Mapping Sinclair Broadcast's reach

Jul 18, 2018 21:13 · 1441 words · 7 minute read ggplot2 sf jsonlite tigris ggrepel shadowtext

We’re going to recreate the graphic from The Washington Post story: As big chains gobble up small TV stations, merged newsrooms are creating a uniformity of news coverage.

The work was done by graphics editor Chris Alcantara, who used a mix of R, Excel, QGIS, and Illustrator to create this map.

We’re going to try to stick to R exclusively with the help of some packages like jsonlite, tigris, dplyr, ggplot2, sf, ggrepel, and shadowtext.

Files and folders

The repo for this project is on Github, but can be easily downloaded to your desktop with the following commands:

install.packages("usethis")

usethis::use_course("https://github.com/r-journalism/sf-sinclair-map/archive/master.zip")

Getting the data

There’s a map on Sinclair’s website showing off all their stations.

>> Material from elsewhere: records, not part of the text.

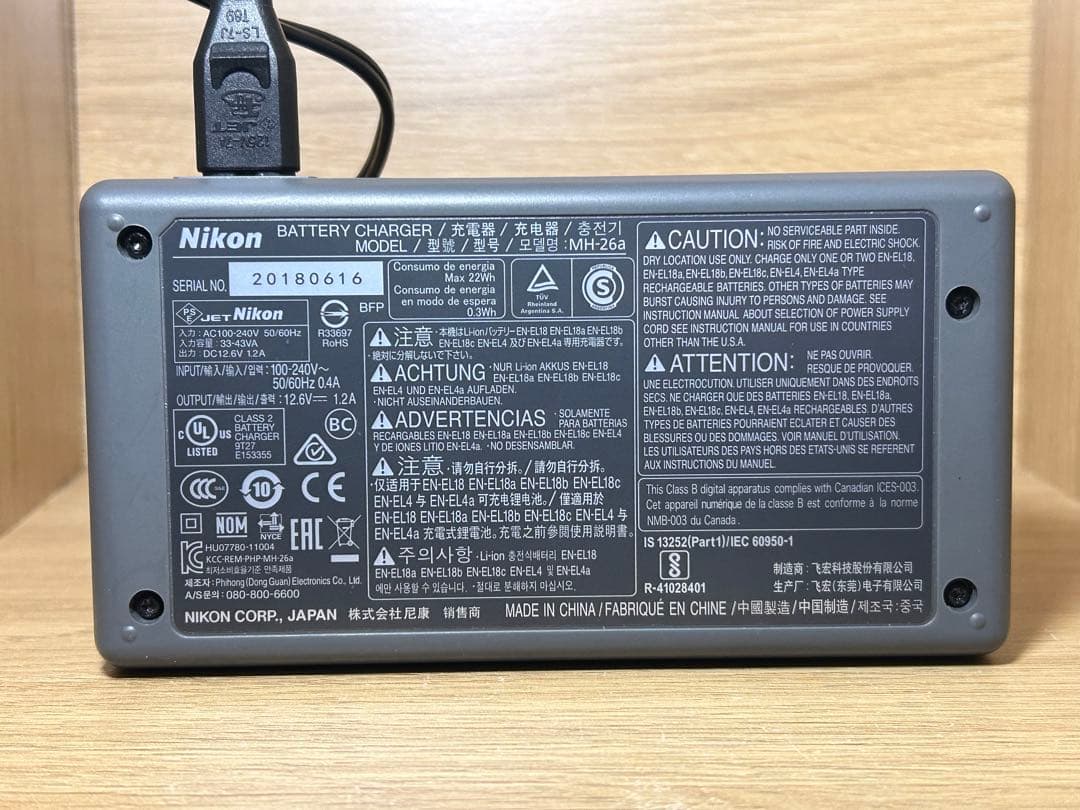 Nikon D4 デジタル一眼レフカメラ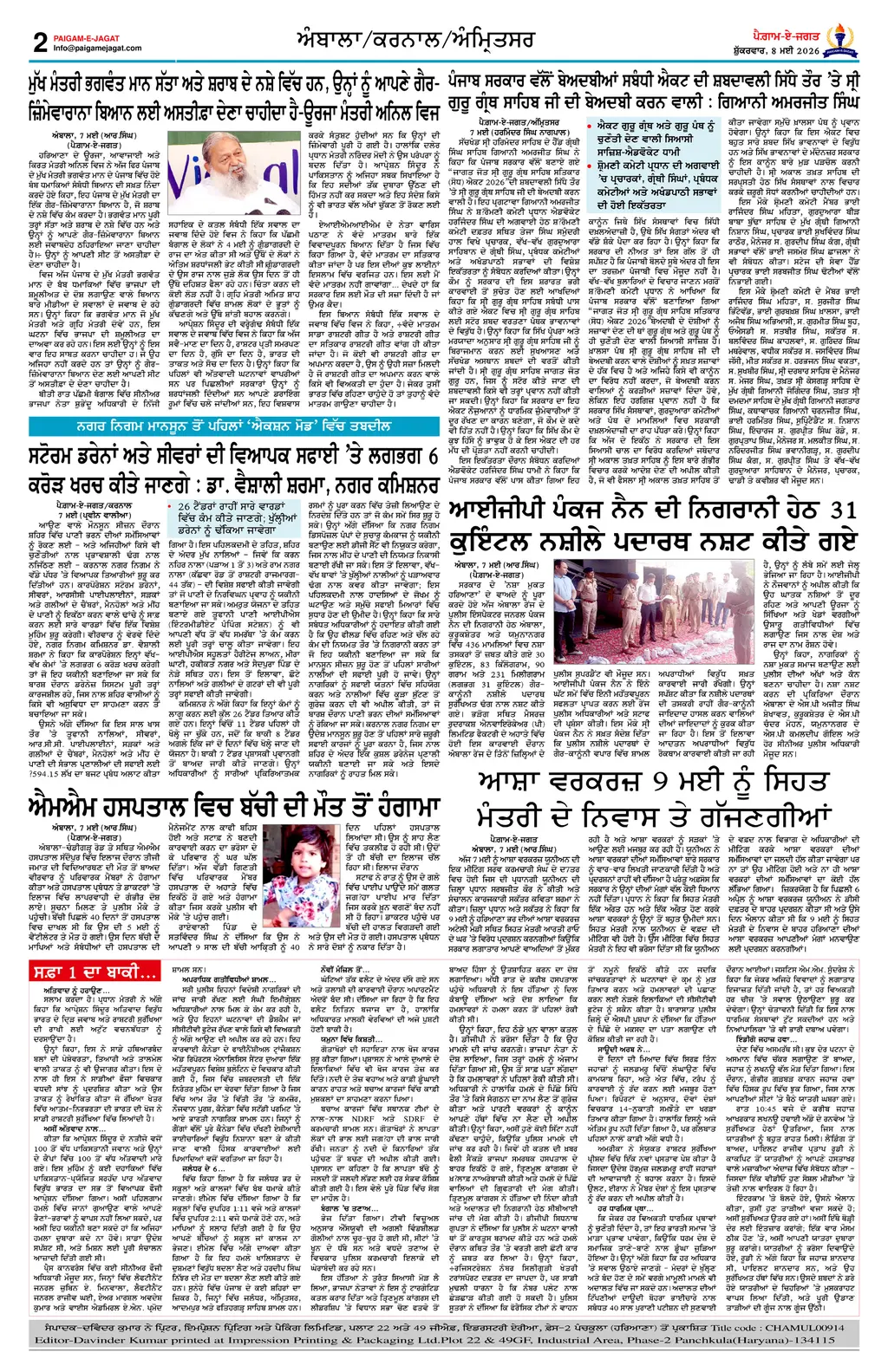 Page 2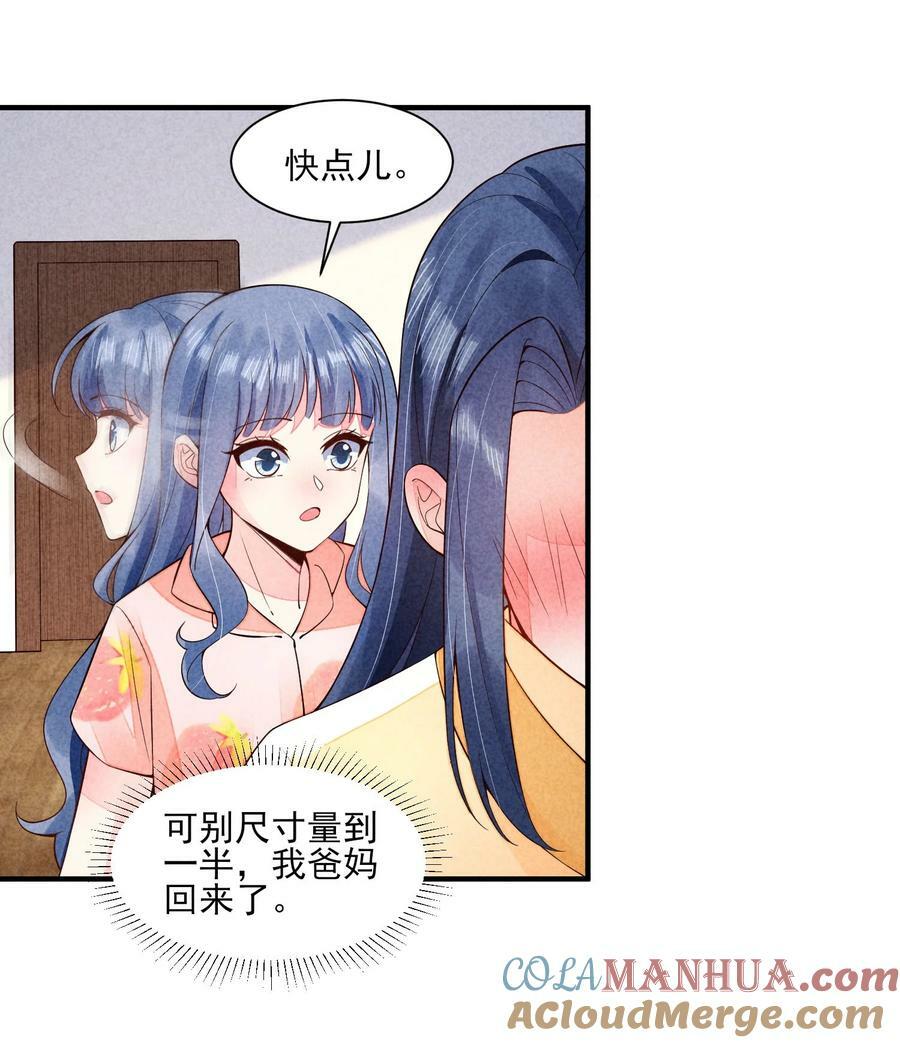 115 男孩28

Grab the json URL that’s running the map.

We’ll use the jsonlite package

#install.packages("tidyverse")
#install.packages("jsonlite")
#install.packages("stringr")

library(tidyverse)
library(stringr)
library(jsonlite)

json_url <-"http://sbgi.net/resources/assets/sbgi/MetaverseStationData.json"

## If the url above doesn't exist anymore uncomment the line below and run it
# json_url <- "MetaverseStationData.json"

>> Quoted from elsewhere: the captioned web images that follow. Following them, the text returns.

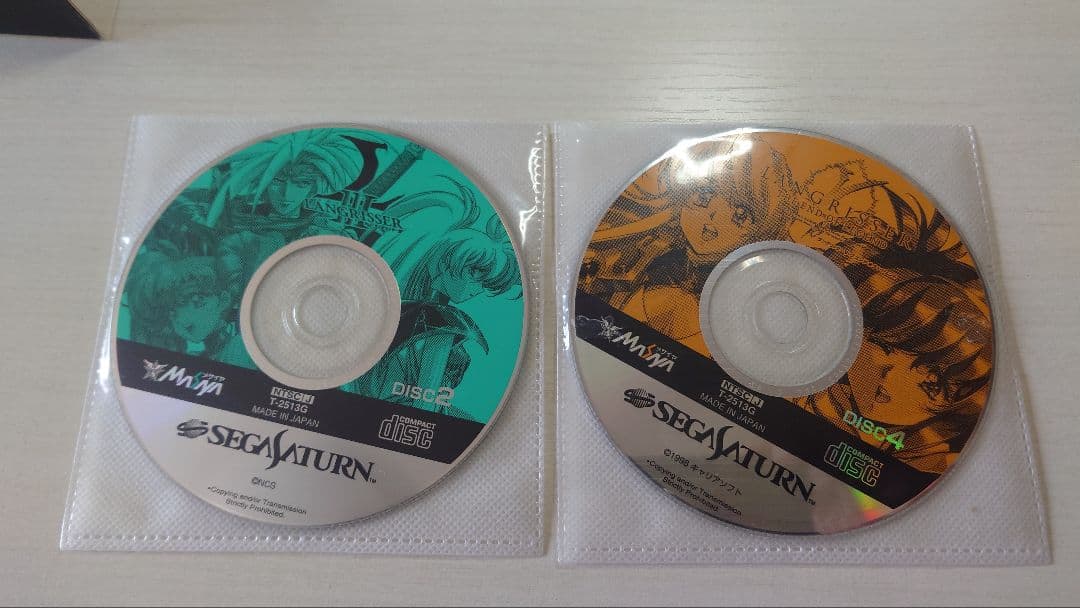 ラングリッサートリビュート☆美品☆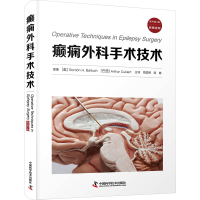 正版新书]癫痫外科手术技术 原书第2版(美)戈登·H.巴尔图克,(巴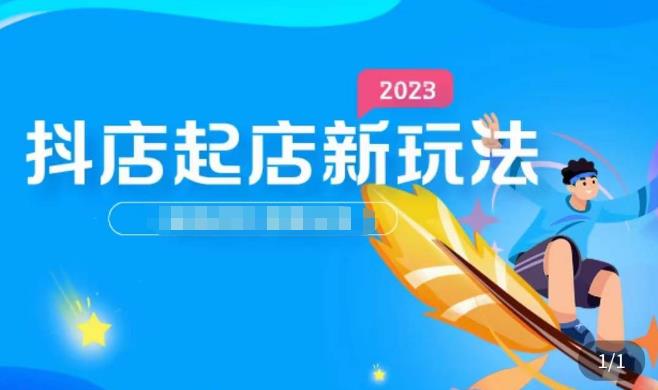 2023抖店起店新玩法，店铺基础搭建，选类目和单品的方法，单品打造模式，起店后的维护方法-瀚海资源库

stations <- fromJSON(json_url)

primary_stations <- stations %>% 
  filter(Channel=="Primary") %>% 
  mutate(
    Location=str_replace(Location, "Point \\(", ""),
    lat=str_replace(Location, " .*", ""),
    lon=str_replace(Location, ".* ", ""),
    lon=str_replace(lon, "\\)", ""))

Let’s take a look at what we’ve got:

glimpse(primary_stations)
## Observations: 192
## Variables: 28
## $ Call_Letter            <chr> "KAAS", "KAAS-LD", "KABB", "KAEF", "KAM...
## $ Logo_List              <chr> "", "", "kabb_fox.jpg", "/resources/ass...
## $ Logo_Map               <chr> "", "", "kabb_fox_map.jpg", "/resources...
## $ Web_1st_URL            <chr> "http://www.foxkansas.com", "http://www...
## $ Web_Address            <chr> "http://www.foxkansas.com", "http://www...
## $ Station                <chr> "KAAS", "KAAS-LD", "KABB", "KAEF", "KAM...
## $ Channel                <chr> "Primary", "Primary", "Primary", "Prima...
## $ Affiliation            <chr> "FOX", "FOX", "FOX", "ABC", "MyTV", "AB...
## $ DMA                    <chr> "Wichita - Hutchinson, KS", "Wichita - ...
## $ DMA_Code               <chr> "678", "678", "641", "802", "811", "820...
## $ DMA_Short              <chr> "Wichita_KS", "Wichita_KS", "San Antoni...
## $ DMA_Rank               <int> 67, 67, 31, 195, 105, 22, 58, 126, 126,...
## $ Station_Status         <chr> "O&O", "O&O", "O&O", "O&O", "JSA", "O&O...
## $ Station_Address        <chr> "316 North West Street, Wichita, KS 672...
## $ Station_City           <chr> "Wichita", "Wichita", "San Antonio", ""...
## $ Station_State          <chr> "KS", "KS", "TX", "", "NV", "OR", "AR",...
## $ Station_Zip            <int> 67203, 67203, 78229, NA, 89502, 97232, ...
## $ Station_Logo           <chr> "sbg_noimage", "sbg_noimage", "kabb_fox...
## $ Station_URL            <chr> "http://www.foxkansas.com, http://www.f...
## $ Station_Phone_Number   <chr> "316-942-2424", "316-942-2424", "210-36...
## $ Station_Fax_Number     <chr> "316-942-8927", "316-942-8927", "210-37...
## $ Actual_RF_Channel      <chr> "17", "31", "30", "22", "20", "43", "22...
## $ News_Schedule_Weekday  <chr> "", "", "0500-0900, 1100-1200, 2100-220...
## $ News_Schedule_Saturday <chr> "", "", "2100-2200", "", "", "0700-0900...
## $ News_Schedule_Sunday   <chr> "", "", "2100-2200", "", "", "0700-0900...
## $ Location               <chr> "-97.388134 37.68888)", "-97.388134 37....
## $ lat                    <chr> "-97.388134", "-97.388134", "-98.569649...
## $ lon                    <chr> "37.68888", "37.68888", "29.490196", ""...

Interesting.

Well, our ultimate goal is to map this out so readers can see the scope of influence that this company reaches.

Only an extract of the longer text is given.